PRI: la politica es la lucha de las ideas

JJ Macías, apenado por narración de comentarista de Multimedios
Por:

Salvador del Río

Todas las desgracias de

los hombres provienen

de no hablar claro

Albert Camus

Cuando, en 1929, el general Plutarco Elías Calles, el hombre fuerte de la Revolución, logró la formación  del Partido Nacional Revolucionario (PNR), terminaba una etapa de sacudimientos políticos y armados en los que el poder se disputaba y se repartía entre facciones. Era el fin de la época de los caudillos; nacía, junto con otras instituciones, la de los partidos políticos modernos.

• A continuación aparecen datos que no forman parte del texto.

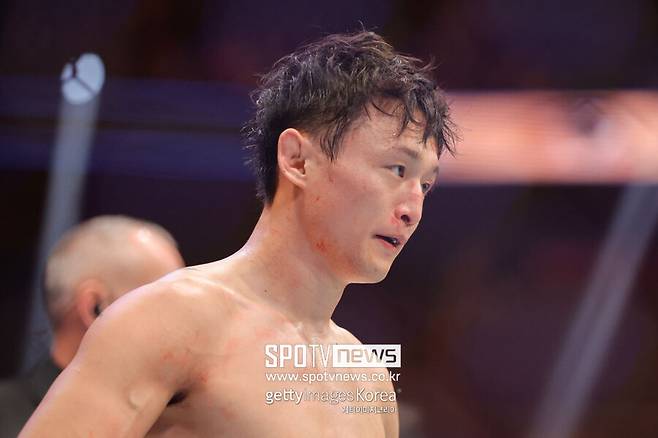 '대역전승' 역시 최두호, 2R TKO승→10년 만에 UFC 3연승…한국 파이터 복수까지 성공했다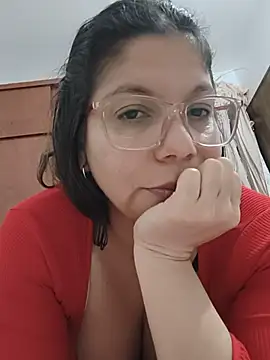 Phòng Chat Trực Tiếp Carliina_Soussa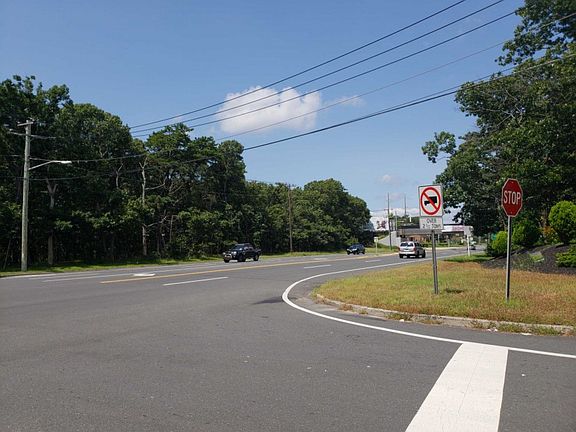5th image of 334 Peconic Ave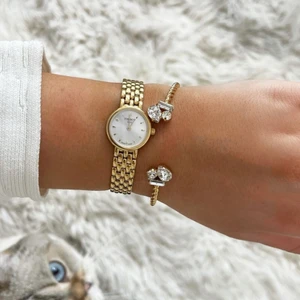 Carolinesvedbom Isa   - Säljer mitt jättefina Caroline Svedbom Isa Bracelet , nyskick då de är använt 1 gång kommer med org box 🤍 nypris 695 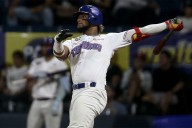 El Novato del Año de la LVBP, se une a los Tiburones para repartir batazos en la UCV
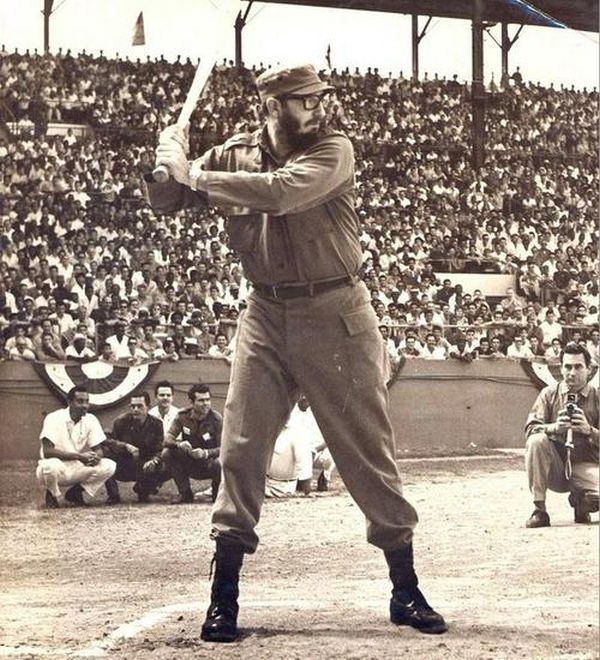 Фидель Кастро играет в бейсбол, 1959 год, Гавана.jpg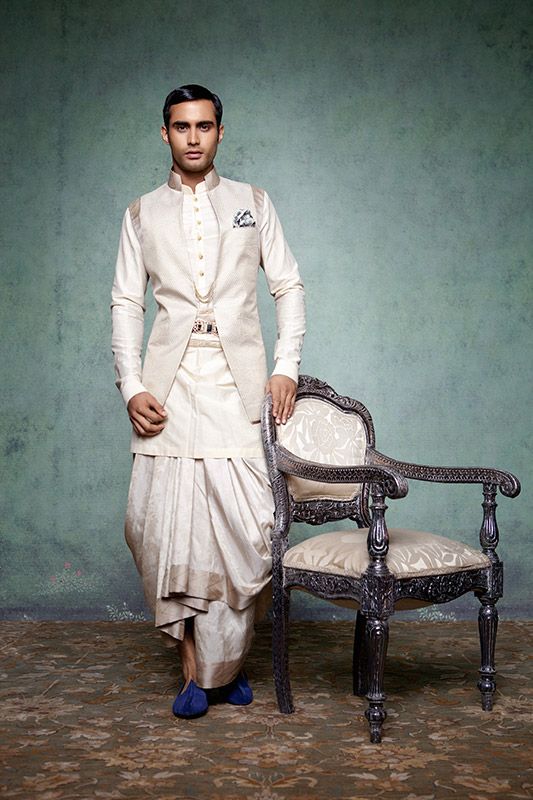 Современная индийская мужская мода от Tarun Tahiliani Современная индийская мужская мода от Tarun Tahiliani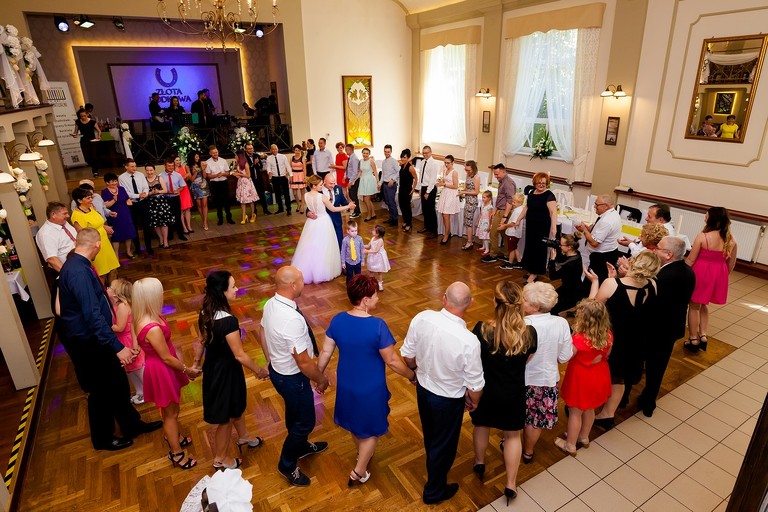 fotografia slubna slask, slub w kościele Wszystkich Świętych w Pszczynie, wesele w zlotej podkowie, restauracja Złota Podkowa w Goczałkowicach, sesja slubna w lesie, plener slubny w lesie, fotografia slubna katowice, zdjecia slubne katowice, fotograf slubny katowice, zdjecia slubne bielsko, fotograf slubny bielsko, zdjecia slubne slask, dwoch fotografow na slub, fotografia slubna krakow,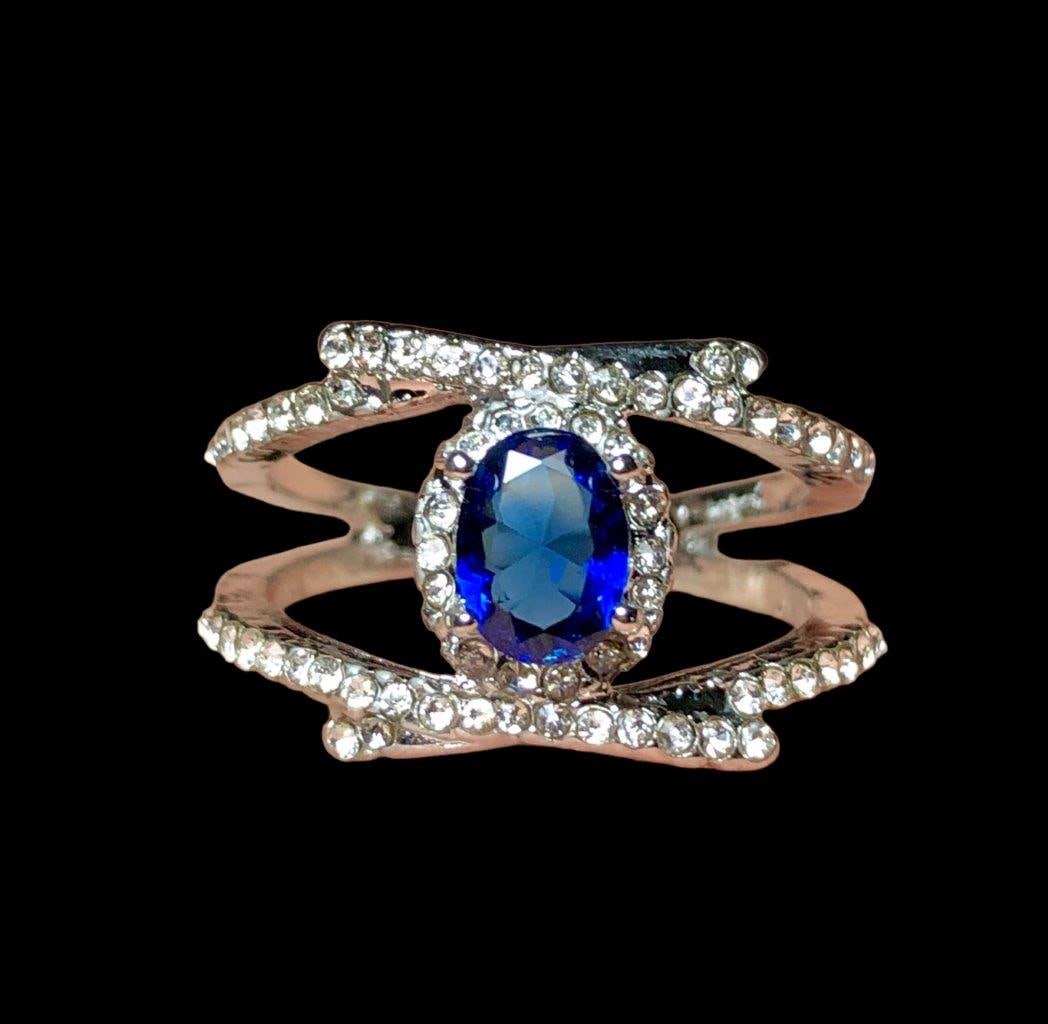 BEAUTIFUL Copper Ring With BLUE and White Zircons: BEAUTIFUL Copper Ring With BLUE and White Zircons FREE SHIPPING Shipping rates are determined by Parcel weight and destination.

Más de ochenta años después de esa transformación, el interés y la expectación en torno a la participación de los partidos políticos confirman la razón de su existencia como instrumentos para la convivencia civilizada en la pluralidad

de la sociedad.

Transformado en Partido de la Revolución Mexicana (PRM) y luego en el actual Revolucionario Institucional, el PRI, ese partido que permaneció durante más de setenta años como el único del que surgieron las generaciones de gobernantes, al grado de que la designación de su candidato a la presidencia de la República —cuya designación es prerrogativa del presidente en turno— fue siempre considerado y aceptado como el seguro sucesor en la primera magistratura.

El PRI de hoy, puede decirse, no es el creado en 1929, pero es a la vez el mismo. Es distinto a aquél porque después de doce años en la oposición, en su retorno al poder ya no es el partidazo invencible, pero su peso específico, su unidad en torno a la idea primigenia de su creación le dan un sitio relevante en la vida pública del país.

Con la definición de quién será el próximo presidente del PRI en los próximos cuatro años, una decisión que indiscutiblemente correspondió al presidente de la República surgido de sus filas, el partido da una vez una muestra de congruencia con la realidad y el pragmatismo que a través de los años le han permitido mantener esa preponderancia sobre otras formaciones políticas.

Coinciden con la decisión para la renovación de la dirigencia priista cambios en otros partidos que definirán la composición del tablero político para los comicios del año próximo con 12 gubernaturas en juego, y también para el horizonte 2018, cuando se decida la sucesión presidencial. Acción Nacional nombrará en breve a un nuevo presidente de su Comité Ejecutivo y se contempla la posibilidad de que también en el de la Revolución Democrática se dé la renovación de su dirigencia.

En medio de la expectación que estos cambios producen, el PRI se mantiene como la primera fuerza política. Esa circunstancia, sin embargo, no le garantiza el triunfo en las contiendas electorales que se avecinan. En todo caso —y en ello se demuestra la capacidad de adaptación a las transformaciones del país—, el PRI competirá con las oposiciones con las que a través del tiempo y dos derrotas consecutivas aprendió a convivir.

Con la pluralidad surgida de las reformas que abrieron la puerta a la oposición, promovidas y consumadas precisamente por los gobiernos del PRI, se pone de manifiesto la falsedad de las tesis según las cuales las ideologías han llegado a su fin en el mundo porque son una rémora para la evolución de la sociedad. La existencia de los partidos lo demuestra. En la diversidad de opiniones, de puntos de vista, de perspectivas y enfoques según los principios ideológicos y las tendencias de cada corriente que representan los partidos, está la verdadera lucha de las ideas que se plasman en propósitos y en formas de gobernar.

La supervivencia del PRI, creado como expresión de una idea en 1929, pero también la presencia cada vez más fuerte, de otras corrientes políticas —ideológicas y de principios— confirma la necesidad de que los partidos políticos sobrevivan al escepticismo y el desencanto que les niegan su valor.

 Gazapos. En el lenguaje de la política y de las finanzas aparecen de pronto eufemismos con los que se pretende ocultar la realidad o absurdos idiomáticos que se ponen en boga.  Crecimiento negativo se quiere llamar al retroceso en las estadísticas de un sector de la economía. Es un decrecimiento, pues crecer, obviamente, no puede ser un hecho contrario.

“La cotización del dólar va a la alza”, se dice. Pero las reglas del idioma y su práctica misma, permiten el empleo de la contracción al para evitar la cacofonía. Son los casos de palabras que comienzan con la primera vocal, cuyo artículo se cambia a masculino aunque sean del género femenino: el azúcar y no la azúcar; el agua y no la agua, etcétera.